~ an excerpt from my mid summer’s journal ~
Seeing the connection between two 5-year-old cousins who adore each other is heart intriguing. A boy and girl who giggle at silliness or nothing much, I covet. How simple; how true to how it should be. At what age do we lose it? My 10-year-old has lost it. Conscious of more. My 8-year-old is in the process of losing it but entirely, has not. He’s still able to give hugs with a bit of guarding and occasionally at bedtime requests that I get right in to give him his good night cuddle.
How I crave this honesty with you God. I know the rewards. I’ve tasted them. In the stillness of bedtime we cuddle and I hug the warmth. Your blessing touches my inner most part and satisfies at these times when I truly let you in.
I hear another set of giggles when a fly swatter hits a fridge magnet and it learns how to fly.
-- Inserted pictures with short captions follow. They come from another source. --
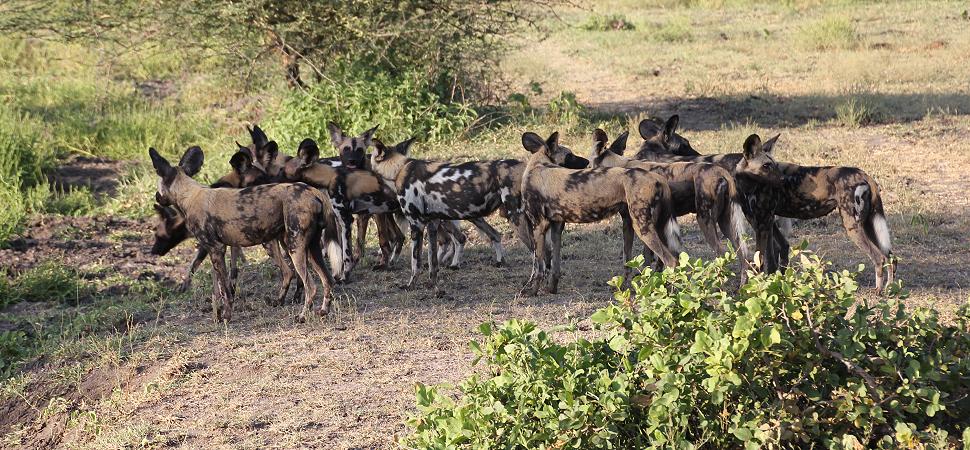 Wild Dog Safari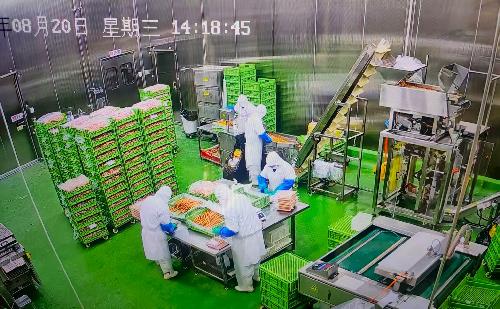 東莞歐陸食品有限公司圖4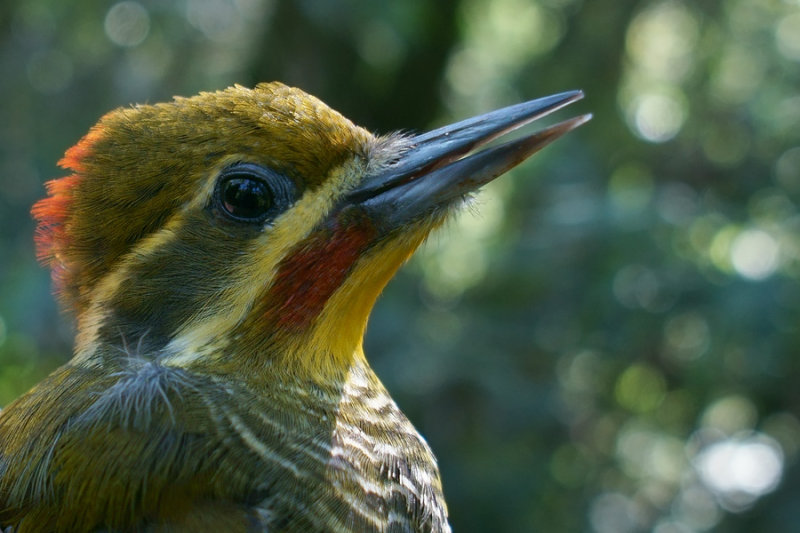 female portrait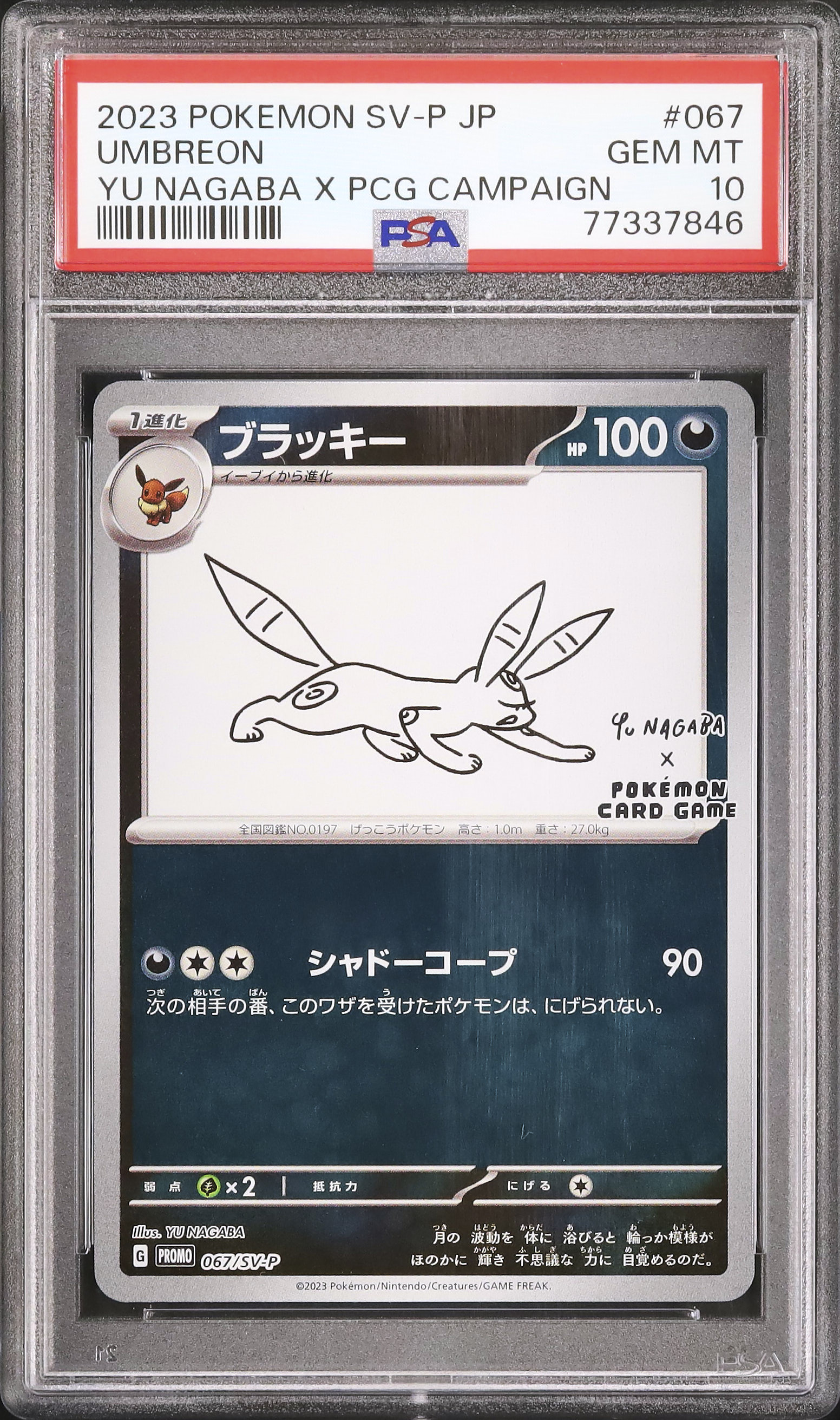 ブラッキーYUNAGABA × ポケモンカードゲームPROMOSV-PPSA10 2023 ブラッキー PSA 10 - カルドバ
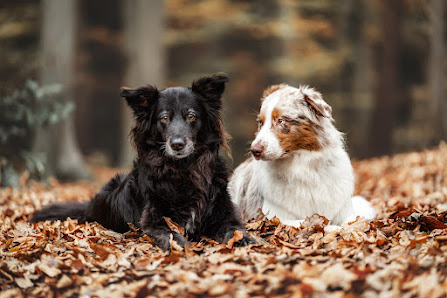 Mader Fotografie – Bild 5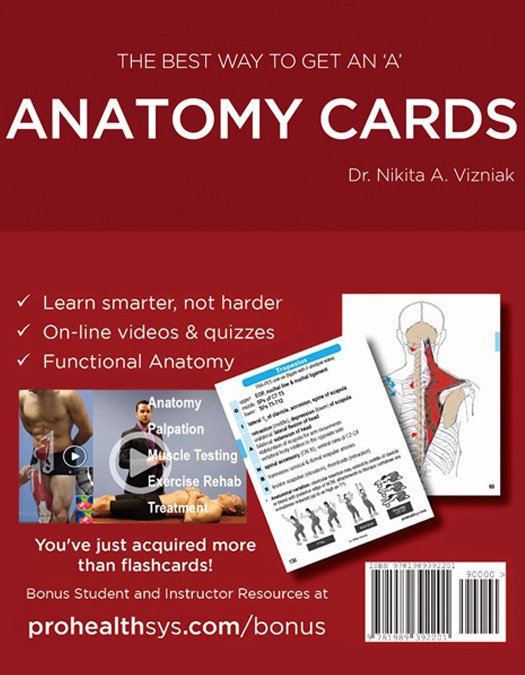 Anatomy Cards - Vizniak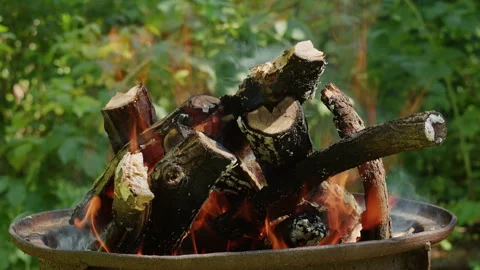 Close up of burning wood logs in a metallic fire pit outdoors in nature 動画素材 342376392
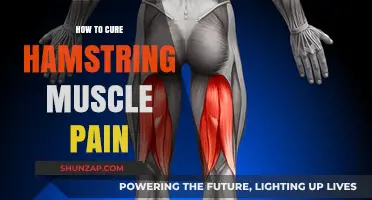 Effective Remedies to Relieve and Heal Hamstring Muscle Pain Fast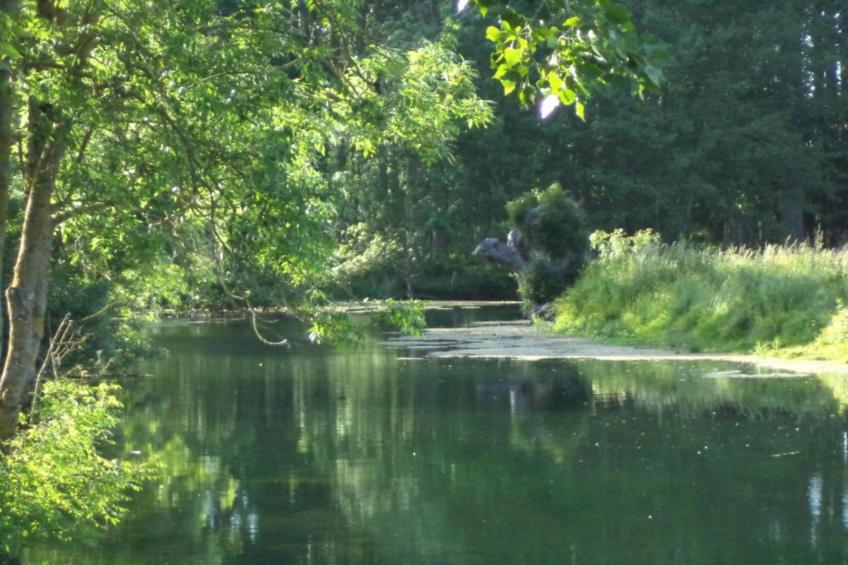 Des 3 Mathildes - foto 30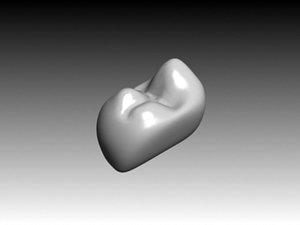 second premolar mandibular 3d model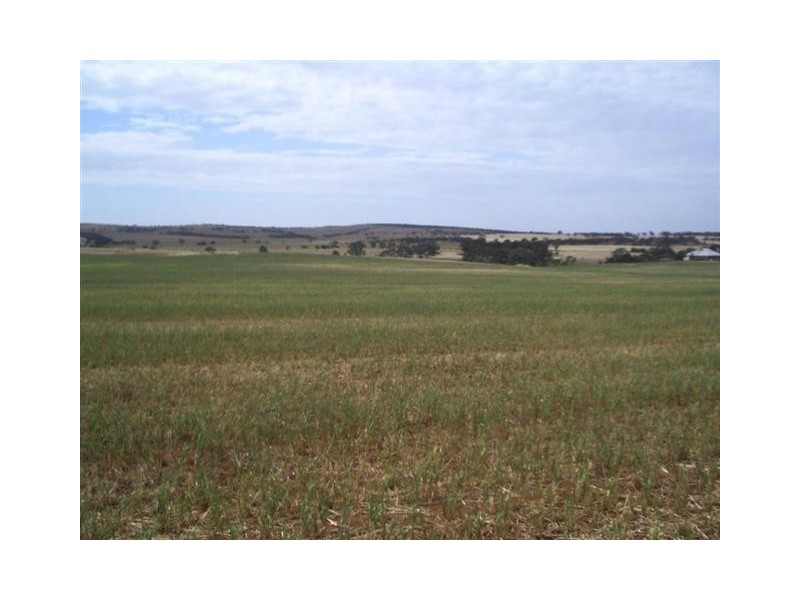 50,51,52 Strathalbyn/Callington Road, Callington SA 5254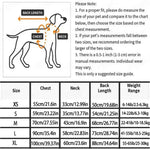 Fast Drying Dog Bath Robe Plush Dog Towel Bathrobe - GreenFur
On to the next, they flitter out of the room. I want to follow them. I crave their sweet abandon; their unpretentious hearts. I yearn to be young in this way towards you, my Father.
“Dear Jesus, I try to imagine your face looking into the Father’s and try to mimic it. It’s in the trying, the striving to be better, that You tell me to rest. To just be, and let You minister to me.
Sense in me my love for You, dear God, warm with the thought of seeing You in Glory. Thank you for this glimpse to pull my eyes upward and shed my veil if only for a moment.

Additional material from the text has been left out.